INFORMATION PROVIDED ▸
+ + + + + + +

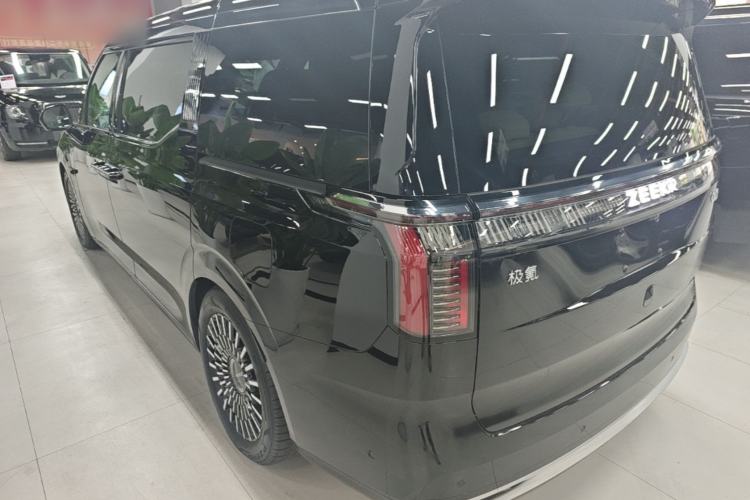 Used Zeekr 009 2024 7-Seater Walk-Through Version Four-Wheel Drive 108 kWh Rear Left 45 Deg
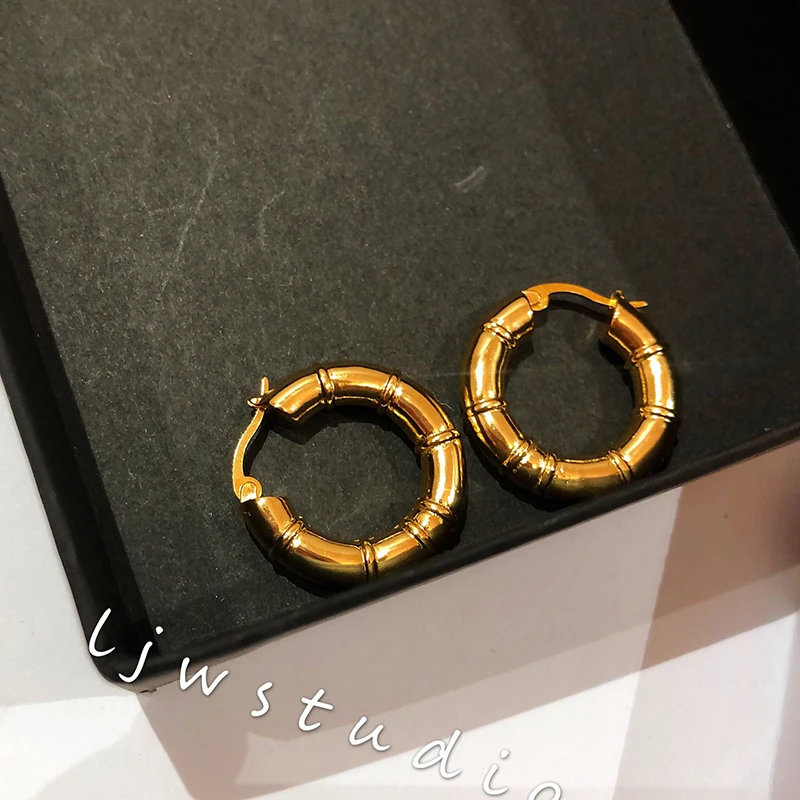 

New European and American single button brass Bamboo Earrings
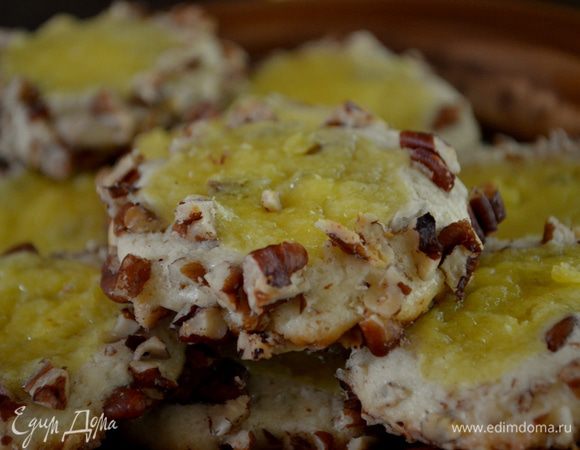 Достаем из духовки и даем слегка остынуть.Если приготовили заранее,то лучше держать в холодильнике перед подачей.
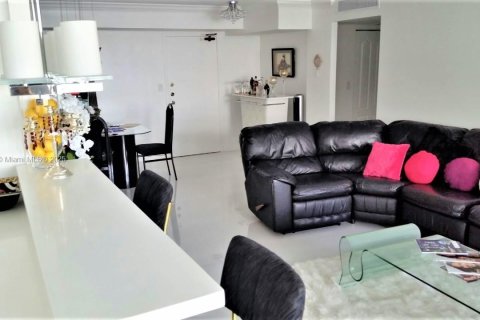 Condominio en venta en Sunny Isles Beach, Florida, 2 dormitorios, 138.24 m2 № 1964454 - foto 12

+ + + + + + +

THE TASK ▸
With the pictures removed, set down every line of the listing above exactly.

RESPONSE AREA ▸
 Used Zeekr 009 2024 7-Seater Walk-Through Version Four-Wheel Drive 108 kWh Rear Left 45 Deg

New European and American single button brass Bamboo Earrings
 Достаем из духовки и даем слегка остынуть.Если приготовили заранее,то лучше держать в холодильнике перед подачей.
 Condominio en venta en Sunny Isles Beach, Florida, 2 dormitorios, 138.24 m2 № 1964454 - foto 12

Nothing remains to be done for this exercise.